Credit: REUTERS/Lindsey Wasson

Amazon has raised the scale from its cashierless convenience stores.

For the last two years, Amazon has been experimenting with physical storefronts. Their signature brand was Amazon Go, a chain of convenience stores that featured no cashiers or checkout lines. Customers would simply grab what they want while a camera keeps track of what they take, and when they leave the store, the total value of their purchase is debited from an app. After successfully running 26 Go storefronts around the United States, Amazon has decided it’s time for the next step up: a grocery store.

Credit: Amazon

Today, Amazon opened the first Amazon Go Grocery storefront in Seattle, Washington. The property measures in at 10,400-square-feet, and features 5,000 different products available for purchase. In addition to the same kind of small snacks and drinks that the Go convenience stores carry, the Go Grocery features fresh, organic produce, individually wrapped meat and fish shipped in regularly, and alcoholic beverages, among a variety of other daily necessities. As with the convenience stores, there are no cashiers or checkout lines. Aside from the stocking staff, the only human employees in the store are ID checkers for alcohol purchases. The store also does not accept cash for purchases; customers must have the associated Amazon Go app on their phone, which acts as a wallet that the store draws from when the customer leaves.
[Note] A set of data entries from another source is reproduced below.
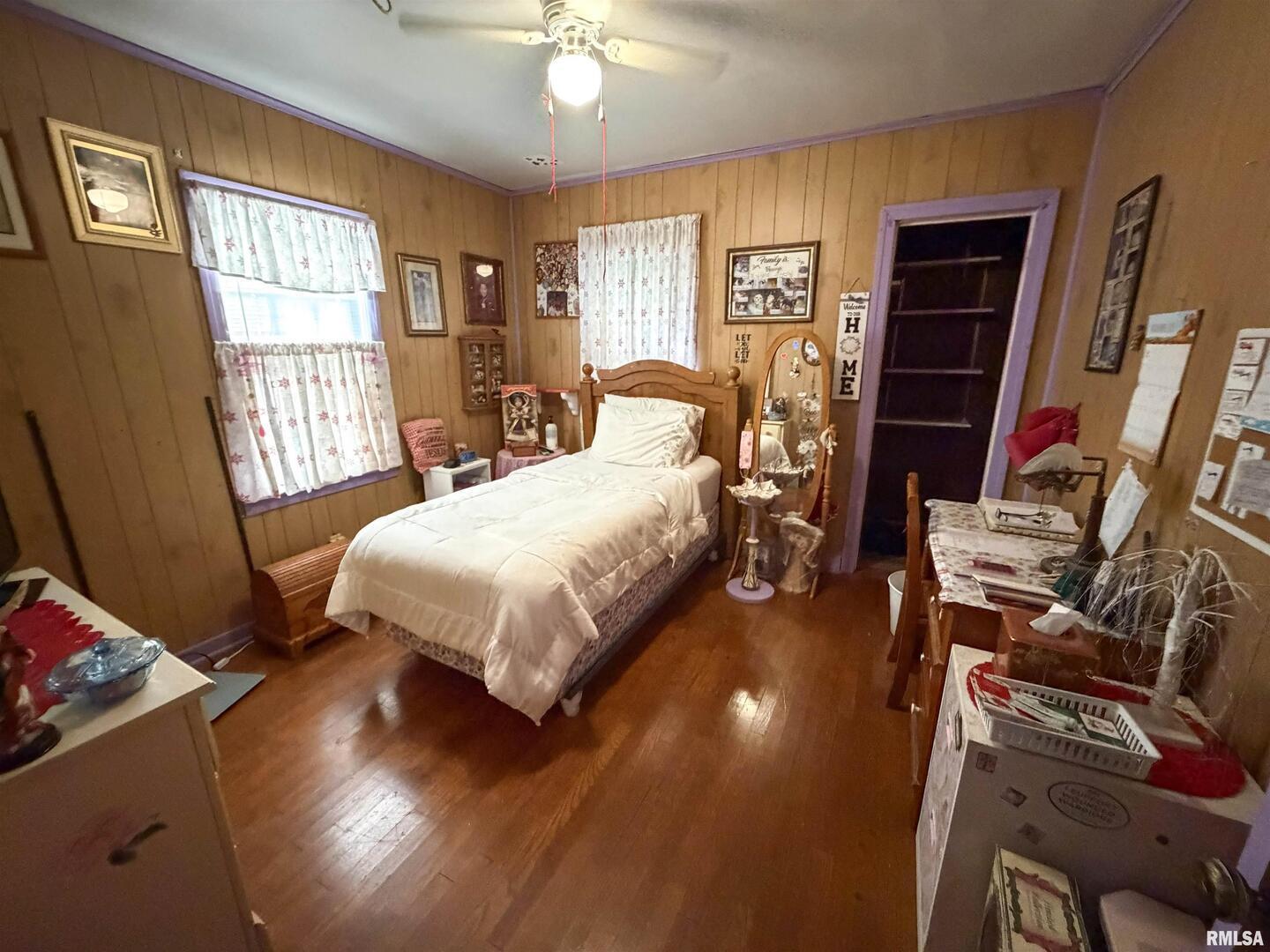 601 East Lafayette Street Olney, IL 62450 - Photo 5 of 45 a bedroom with a bed and wooden floor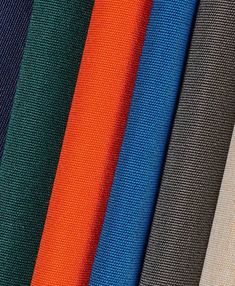 several different colors of fabric are shown in this close up photo, including orange, blue, and black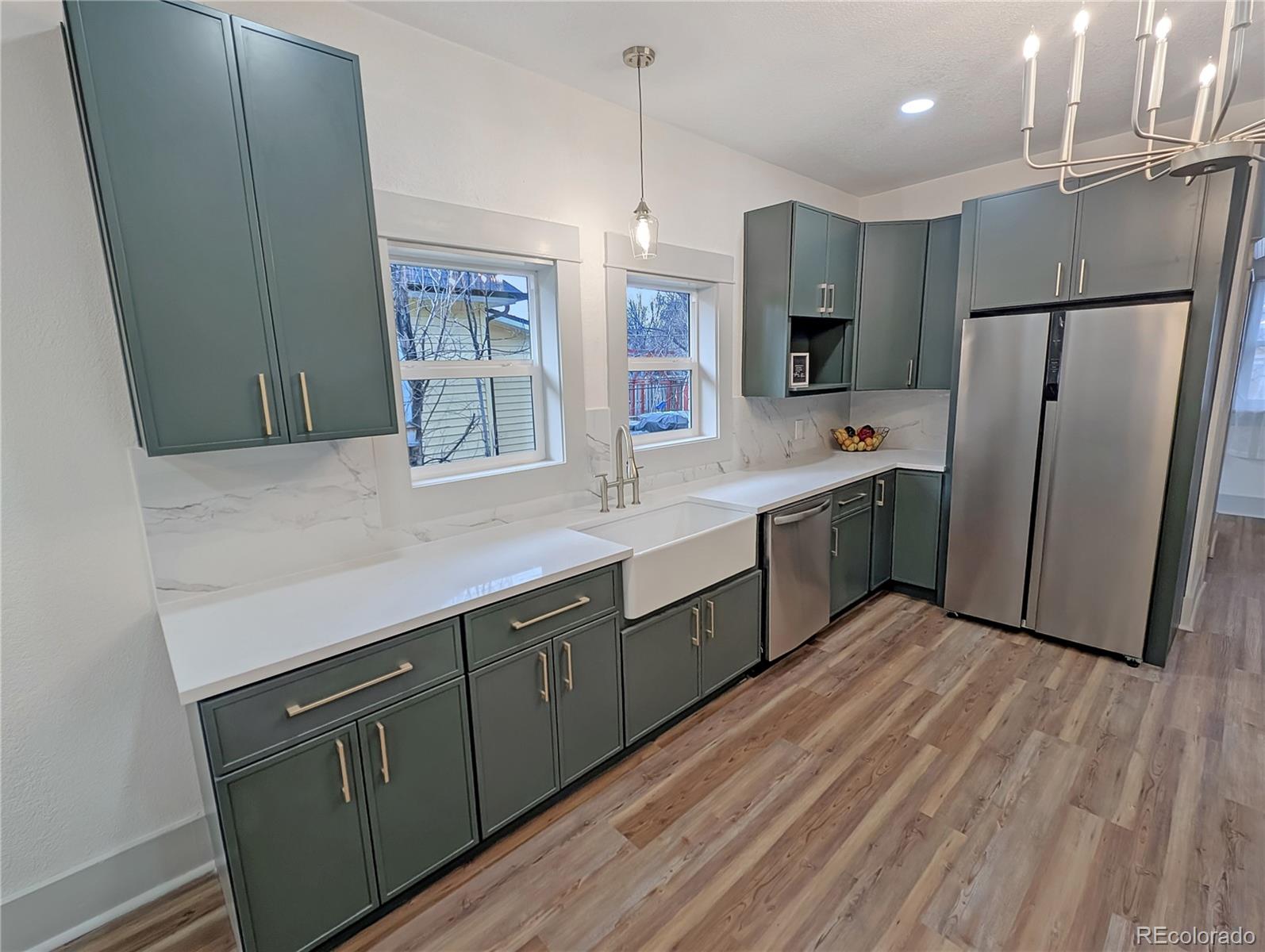 710 Carson Street Brush, CO 80723 - Photo 3 of 30 a kitchen with stainless steel appliances a sink cabinets and wooden floor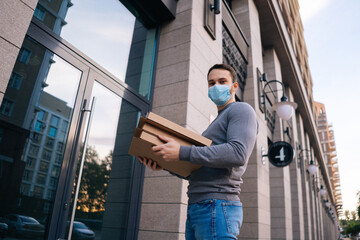 Low-angle shot of delivery man wearing medical mask ringing door for delivery carton boxes with hot pizza, looking at camera. Deliveryman in protective mask holding box with food.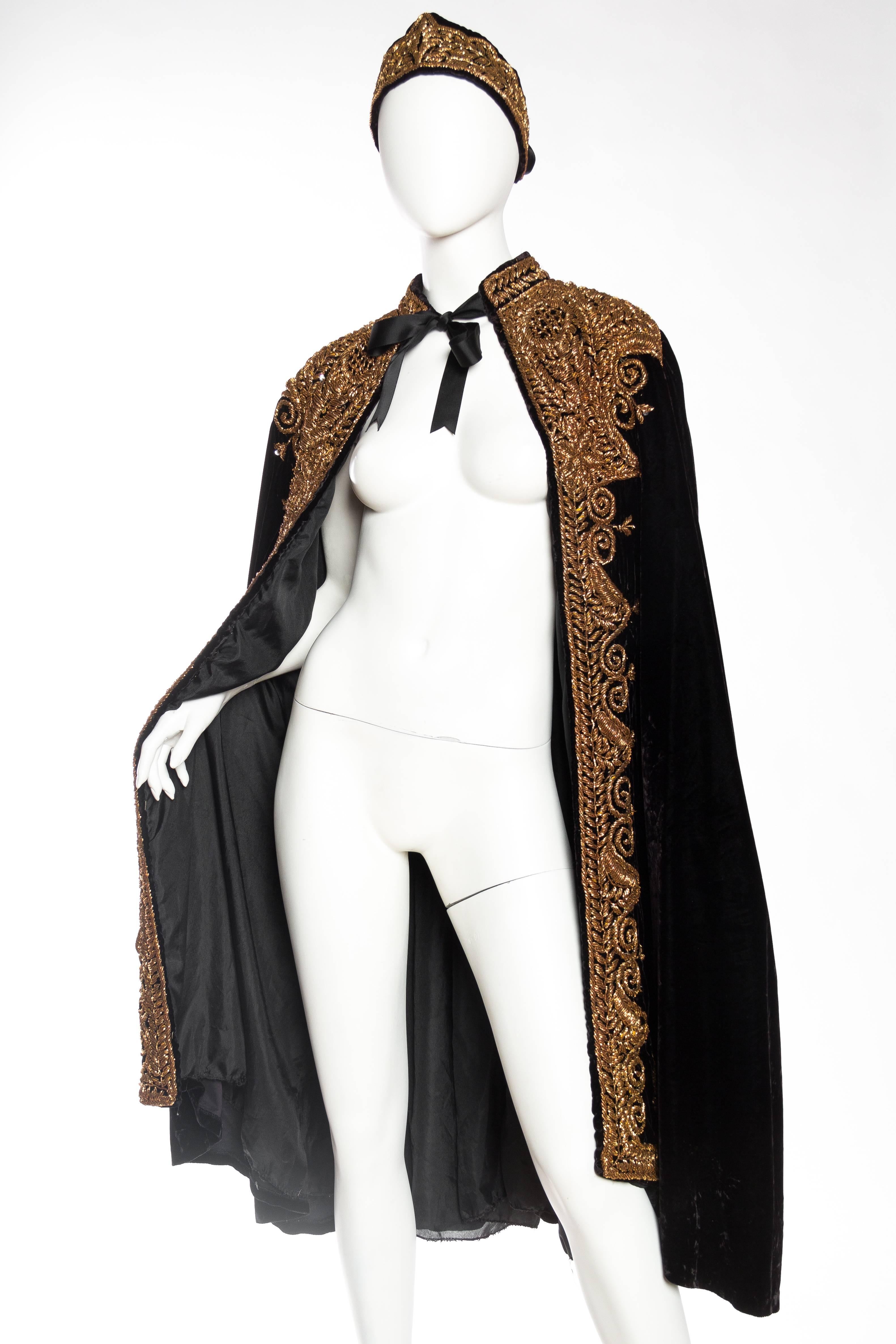 Worn by Marilyn Manson in King Kong Magazine. Has matching headpiece/belt 1970S Black Rayon Velvet Cape With Dramatic Real Copper Hand Embroidery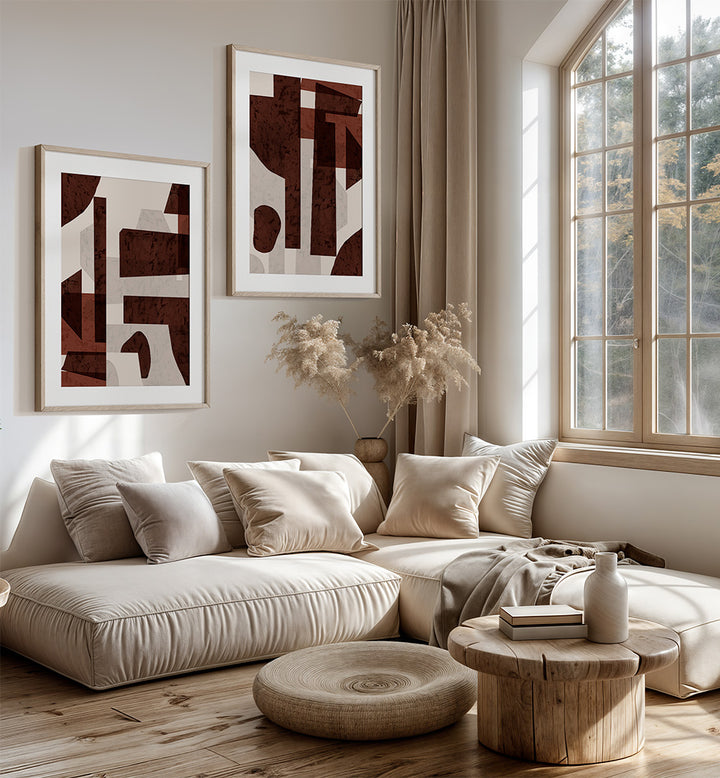 Cozy living room with a beige sofa, abstract art, and natural light.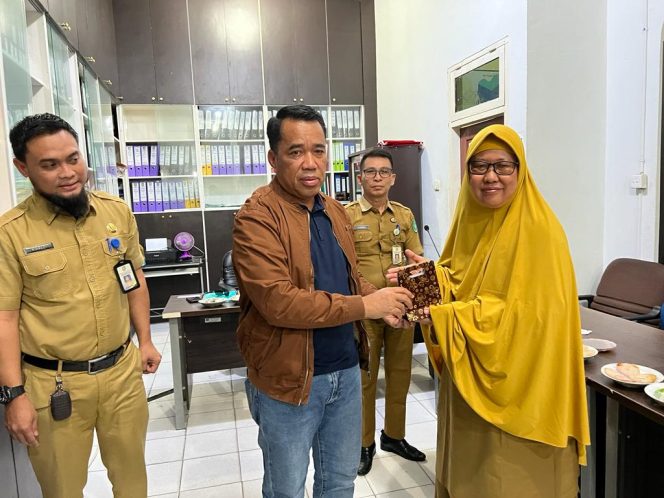 
 Plt. Kadis PMD Ismail saat memberikan kenang-kenangan kepada pegi Purna Bakhti Basma Khairani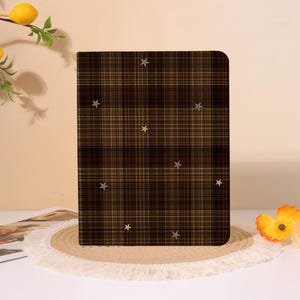 May include: A rectangular notebook with a dark brown and tan plaid pattern featuring small, scattered gold-colored star embellishments across the front cover. The notebook has rounded corners and a vertical orientation, displaying a classic grid design.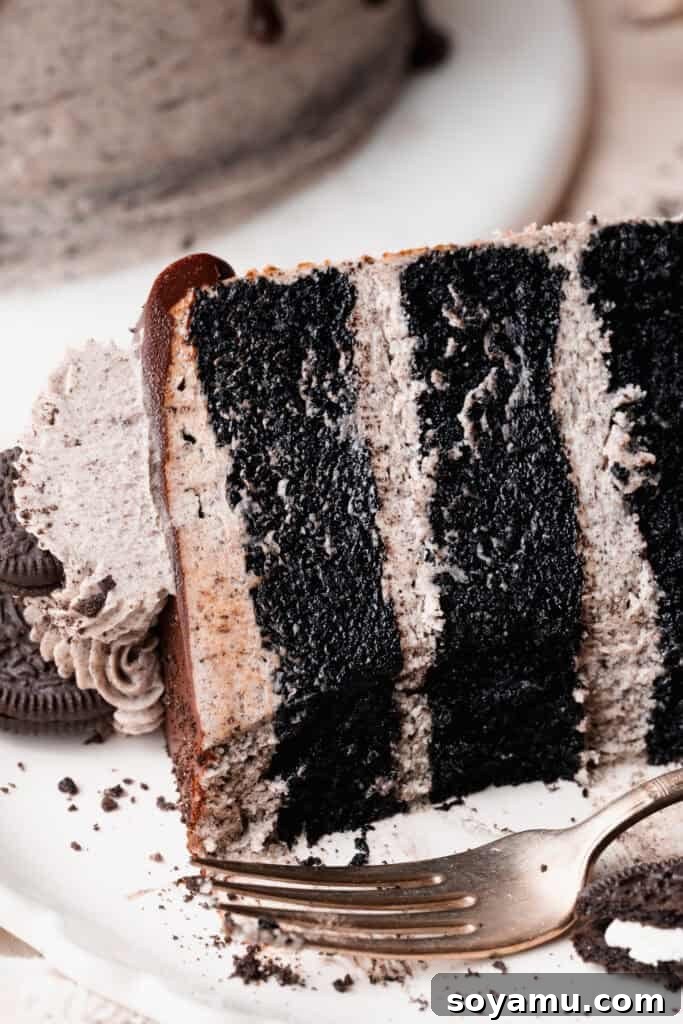 Decadent Moist Oreo Cake Recipe 16 A close-up of a slice of oreo cake, with a few bites missing.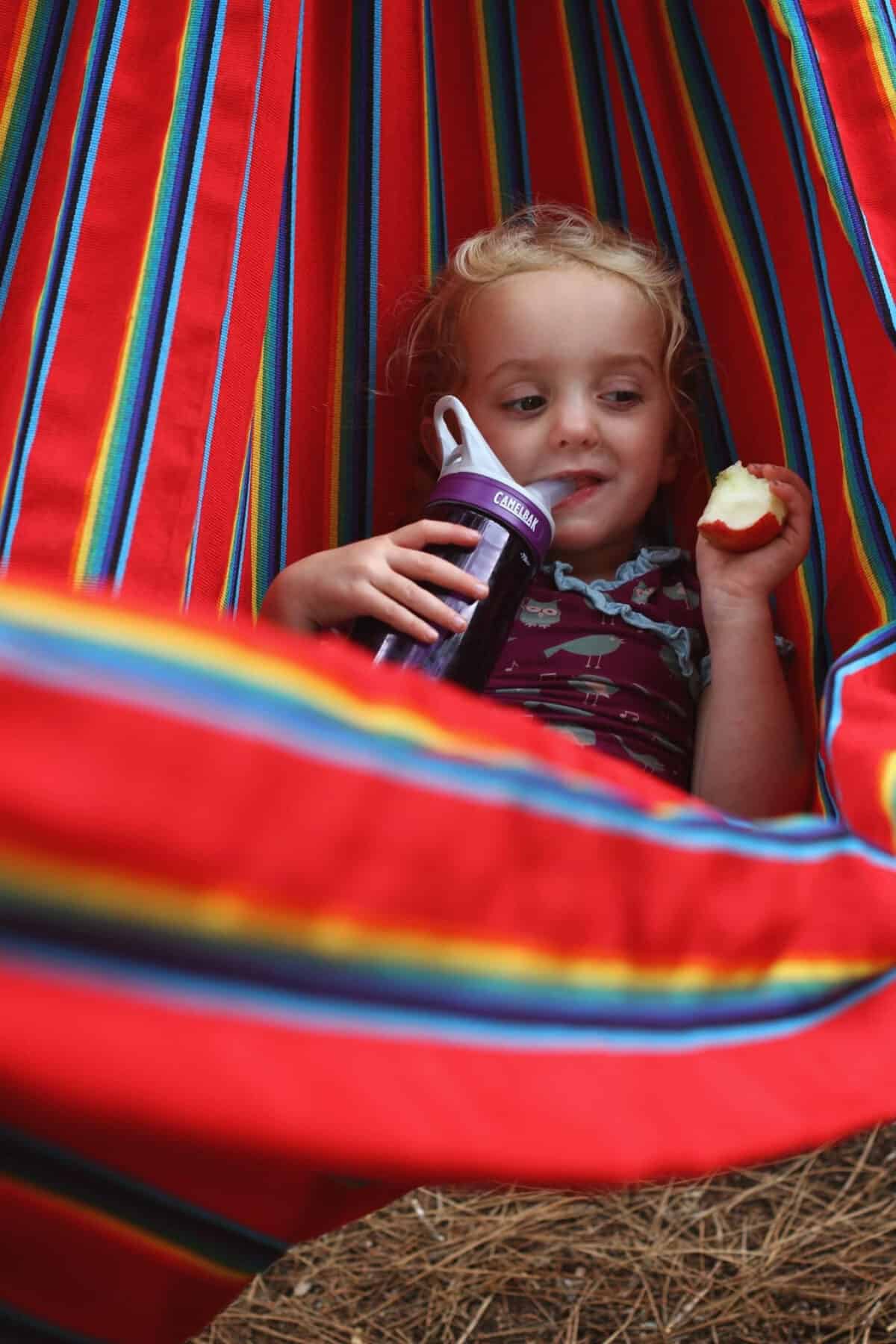 Girl In hammock swing eating apple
Credit: Jason Redmond/Reuters

In addition to an interesting novelty for Seattle natives, the Go Grocery has been a chance for Amazon to flex their technological muscle to investors. Designing the store’s various systems, such as scale-based pricing for loose produce, was quite an undertaking for the company, but one they met and conquered. Amazon Go’ vice president Dilip Kumar is quite optimistic about the growth of the brand, telling the Wall Street Journal that “There’s no real upper bound. It could be five times as big, it could be 10 times as big.”

Kumar hasn’t revealed when and where another Go Grocery will open, but he did divulge that at least 3,000 more Go convenience stores are still in the works for the next couple of years.